Dataset content

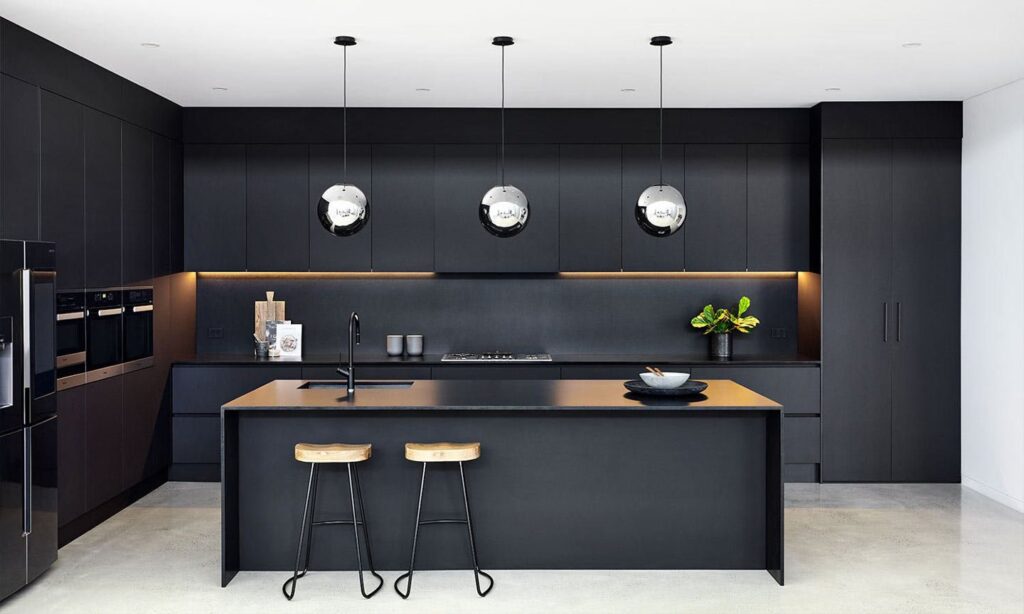 Modern kitchens in black: a touch of real class to your home décor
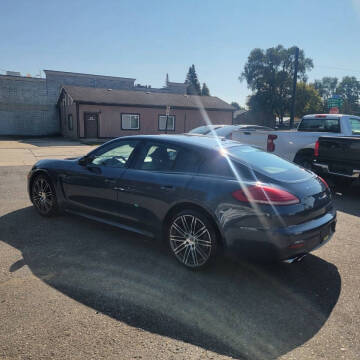 2015 Porsche Panamera 4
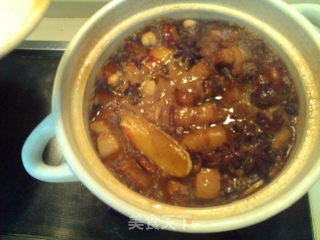 砂锅红烧肉炖土豆的做法步骤：9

Exercise details
Wherever a picture appears in the material above, skip it and copy the rest without change.

Completed task
 Modern kitchens in black: a touch of real class to your home décor
 2015 Porsche Panamera 4
 砂锅红烧肉炖土豆的做法步骤：9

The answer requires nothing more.